I agree completely with Henrik. Adding 'intelligence' into a script is rather difficult. But I do have a rather 'painful' IIS ASP application. And frequently IIS will die, hang, stop processing ASP. So I wrote a script that runs on each IIS server, that queries the HTTP status from the monitoring server and if the status is red all dllhost & inetinfo processes are killed & the IIS is started. My fear was that this restart script could be stuck in a loop, i.e. possibility that IIS can not be started.
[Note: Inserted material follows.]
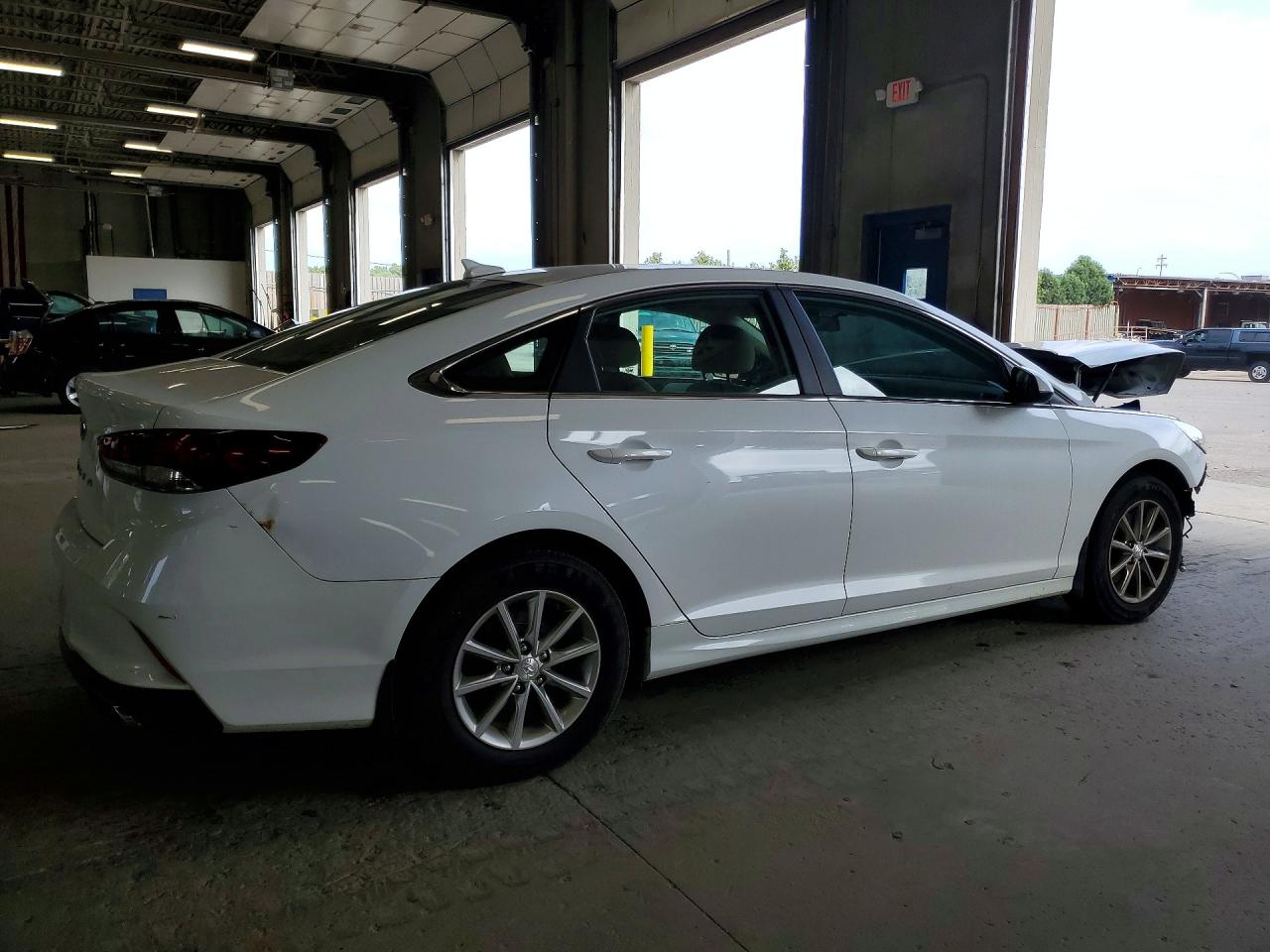 2019 HYUNDAI SONATA SE — снимка 3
So I added the intelligence into my script that logs the date & time of each time the script restarts IIS. It will only restart, if it has not done it more than 3 times in the last hour. Lately I have been thinking of adding in more logic to check if a restart occured in the last 5 minutes (poling period). Becuase I have seen the restart script do it's job and fix IIS, but the monitoring server has not checked yet. Thus the restart script bounces IIS again...
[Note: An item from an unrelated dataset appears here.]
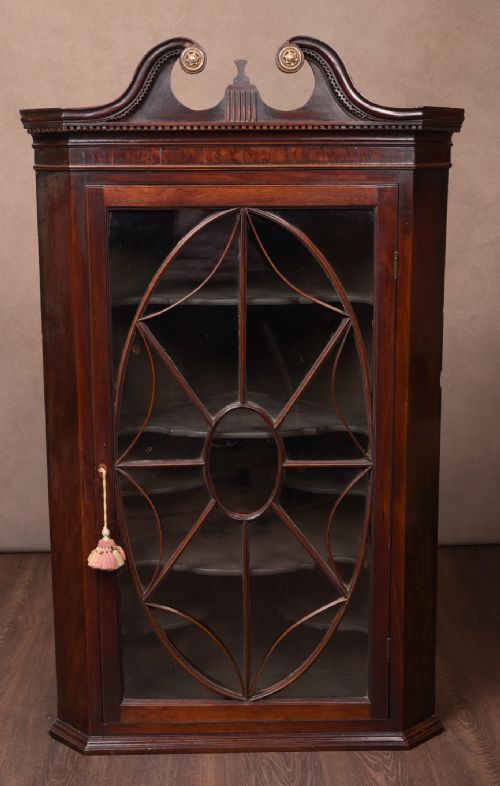 Stunning Georgian Hanging Mahogany Corner Cabinet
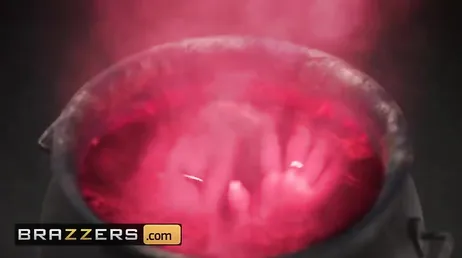 Mais regarde comme tu as une grosse bite, on doit tous les deux goûter à ça, hein ?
-----Original Message----- From: Henrik Stoerner [mailto:henrik at hswn.dk] Sent: Friday, July 21, 2006 11:07 AM To: hobbit at hswn.dk Subject: Re: [hobbit] bbfix functionality in hobbit
On Fri, Jul 21, 2006 at 10:21:40AM -0400, Gary B. wrote:
Is there any method with hobbit to have the client automatically restart services, like bbfix does for BB? We would like to be able to restart services that tend to fail often (such as SSH tunnels) automatically through Hobbit. Without writing a custom external script, I can't seem to find any information about doing this.
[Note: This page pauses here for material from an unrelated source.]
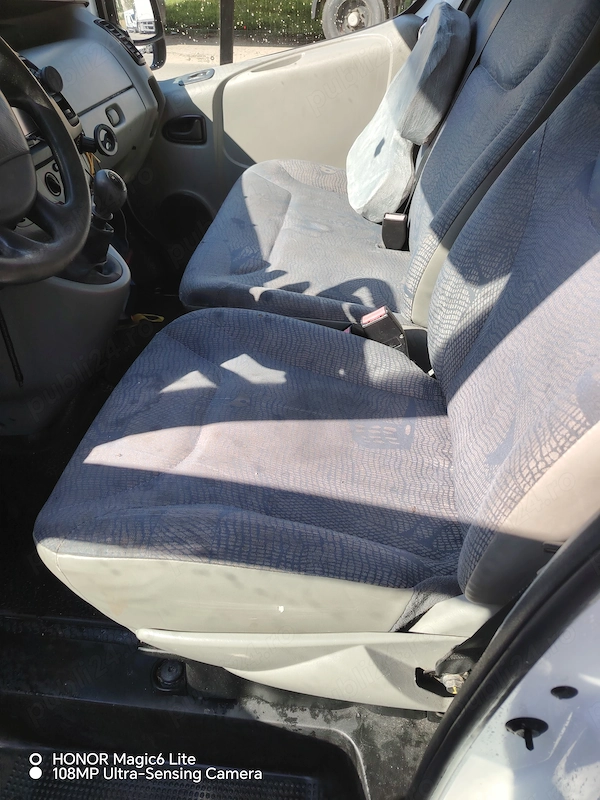 RENAULT Trafic 2005 — imagine 3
You will need to do some scripting, no doubt about that.
Whether it's a good idea or not ... it depends. From the Hobbit "design" perspective (whoa - that sounds expensive) I have a very firm belief that Hobbit should *monitor* things, not *fix* them. I have seen far too many "intelligent" systems get in the way of real problem-fixing because "intelligent" systems are usually pretty dumb, and cannot handle anything out of the ordinary. When they try, they often fail in spectacular ways.
And having things happen behind your back - because you forgot about that little automatic script someone else setup 2 years ago - is just plain frustrating.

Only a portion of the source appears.